Note 1: If you open your feedly digest and hover your mouse over the title of an article, you should be able to see the stamp assigned to that article.

Note 2: This function is executed in real-time every time feedly needs to determine the content of the digest. A pre-filtering happens automatically based on how recent articles are, if they are provided in favorite sources or not, how many recommendations they have, etc.. Depending on the number of sources you are subscribing to, how popular they are, how many unread articles you have and the number of people you are following, the size of the list of entries to filter can vary between 200 to 2500.

This idea was inspired by a comment make by Sean McBride on Friendfeed last week: “I wish that every company in this game would make their algorithms transparent so that we could understand what’s underneath the hood in producing certain results” and the progress we made last week by working with Phil on this thread on Get Satisfaction. Special thanks to both Phil and Sean.

Thank you again to the feedly community for your support over the last 6 months. We look forward to your suggestions. Please let us know if you have any questions.

Author: @feedly

Read more. Know more.

8 thoughts on “Opening up the Feedly Digest Filtering Logic”

  1. I’m looking over the logic and I have a question. Does feedly track or have any access to user and feed statistics that might assist in selecting articles? I’m thinking of something like %read, #read, # of articles per day by feed for a couple of relevant time horizons. This information is on google reader, can feedly access it?
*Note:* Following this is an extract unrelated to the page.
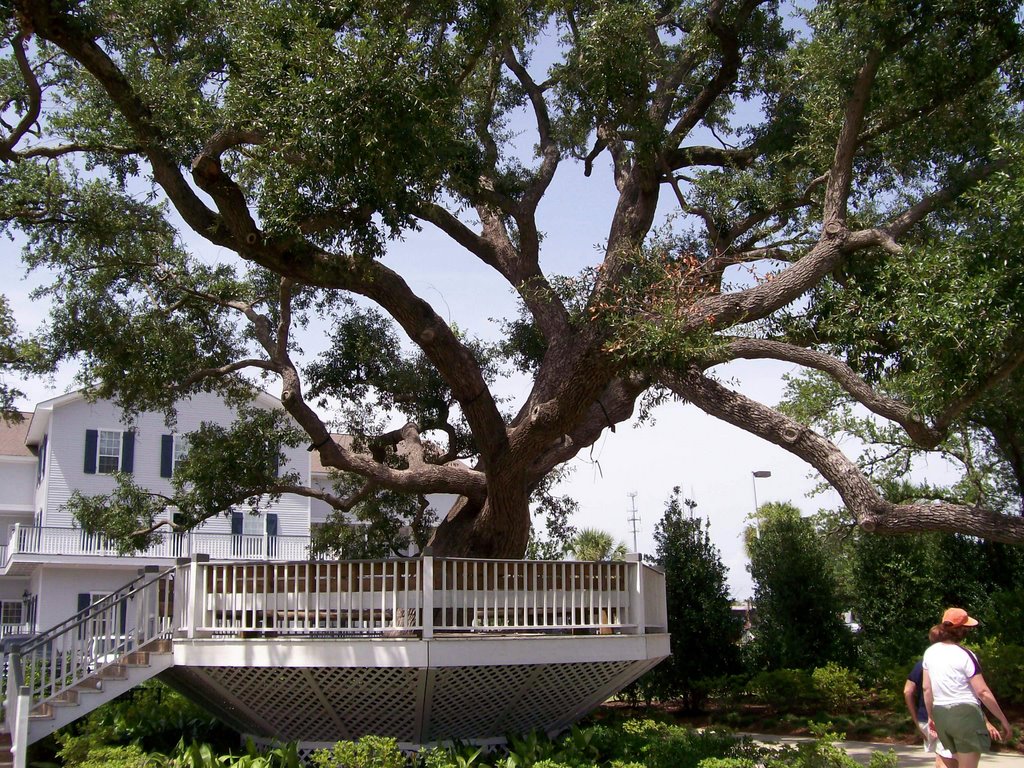 Katrina Monument and nearby live oak by Prof_Plumb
    In the current logic the user’s interests aren’t playing the role they might in influencing top articles.

    I’ll have some suggestions within the current constraints after I think about it a little more, but if this information is available it opens up a lot of possibilities.

  2. Hello Phil. Although we are not using it in the lates versions of the filtering logic, the subscription object has a field which captures how many articles of that subscription you have read and shared in the last 30 days. Note: the read number is not as reliable as the shared number because there are many ways to mark as read and some are less explicit as others.

  3. Edwin,

    I could make suggestions around the edges, but I couldn’t really figure a minor modification that achieved what I wanted. What do you think about something like the following? (though appropriate scaling would be needed):
    Popularity =
    (Fav. Factor)*(#Read/(Unread count+1))*(freshness – rank + social)

    Then select highest popularity articles. Max one article per feed until a minimum popularity cutoff is reached.

    Phil

  4. The algorithm being used seems to work ok, but it just doesn’t really do much better for me than to identify a set of relatively more interesting feeds with a recent post and give something from a few of them. It’s improved, but ideally would be smarter.

    There are a couple of minor issues with the algorithm being used.

    1) There are a couple of places where context[].silver is used instead of context[].silvers.

    2) The last context.[].silver should should probably be bronzes and why is the popularity put to zero. That’s worse than suspected duplicates.

    3) I notice that when feedly runs out of platinum I am more likely to get multiple articles from the same feed (silvers). I’m not really clear on the diversity factor but it looks like it works better in platinum than in silver. Do I read it correctly that there is less diversity required in lower rank buckets than in higher ones? I would think that there should be similar diversity until you get to bronze.

  5. Phil,

    Thanks for both comments.

    Will need to carv out some time to think more about the formula you suggest in your first comment.

    Regarding the second comment, fixed 1) and 2). Regarding 3) will try to increase the diversity factor for silvers and bronze to 3 and 6:

    var silver_diversity = Math.pow( 3, context[ feedId ].silvers );
    var bronze_diversity = Math.pow( 6, context[ feedId ].bronzes );

    The goal of the formula is to promote more diversity in the lower buckets (bronze and silver) than in the platinum one. The logic is that if quality is not there, let’s make sure that diversity is. All these changes will be included in the 1.2.200 patch we will be pushing out later this evening.

  6. Regarding the numbered suggestions above, I actually had a duplicate show up in a category top section today. So I suspect the part of (2) that noted that a bronzes’ zero would rank lower than a duplicate (at 0.00001) wasn’t entirely fixed.

Comments are closed.